Тем более что видим: его пониманию и сочувствию тоже есть предел. Ибо есть все же среди женских портретов Борщаговского один, от которого хочется отшатнуться, так непривлекателен и мерзок его оригинал. Он возникает на надрывающих сердце страницах повести «Суховей». Что же такого в Зинаиде, какой на ней страшный грех, чего не может простить ей писатель, почему не хочет хотя бы пожалеть? Причина прежде всего — в ее неженском сердце, из которого словно бы вытравлено все, что искони присуще женщине, и главное, любовь с ее созидательной силой.

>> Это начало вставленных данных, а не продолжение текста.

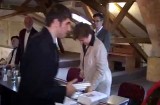 Tinerele condeie ale Braşovului, premiate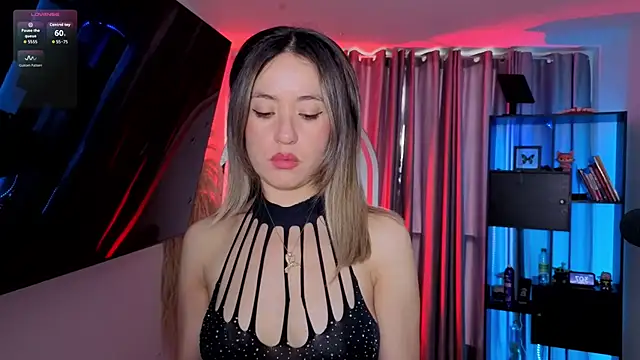 Snapshot of sexfire_lalita chatting on March 23, 2026, 8:08 pm sexfire lalita online show from March 23, 2026, 8:08 pm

Ведь не случайно не держатся мужчины в ее доме, трое было и сплыло, никто не удержался; это здесь они показались «подчиненными, никлыми, случайными гостями», «будто легкая полова», а где-то, может быть и даже наверняка, оказались желанными, любимыми, добрыми хозяевами, мужьями и отцами; не случайно и то, что она не понесла ни от одного из них. Ее захапистость больше всего раздражает тем, что она какая-то ненужная, бесхозяйственная, не греющая даже ее самое: вот она алчно посматривает на электрика Николая — товарища своего брата, на нового заведующего сельским клубом, примеривается, как их обротать, строит планы новой семейной жизни, но в планах этих они вроде вещи, придатка, и читателя не оставляет ощущение — безошибочное, кстати, — что не будет здесь никакого толку, что и этим мужчинам не выжить рядом с ней («Вашей Зинаиде укротитель тигров нужен или беглый каторжник», — говорит один из них), ибо она не способна никого уважать («этого добра везде навалом, пальцем помани!»), видеть в другом человеке его собственные желания, интересы, надежды, да и не согласна она принимать в расчет чьи-либо интересы, кроме своих (даже брата она «сердила тоскливо-прямым умом без сердца и неистребимым чувством собственной правоты»). Ничто не идет ей впрок: воспользовавшись своим служебным положением — секретарствует в сельсовете, — она за гроши купила, можно сказать, оттягала хороший дом у старой колхозницы-пенсионерки Мани Шутовой, и вот, как сама признается, «придешь домой к ночи, за день умаешься, а в избе темно, печь холодная, живой души не докричишься».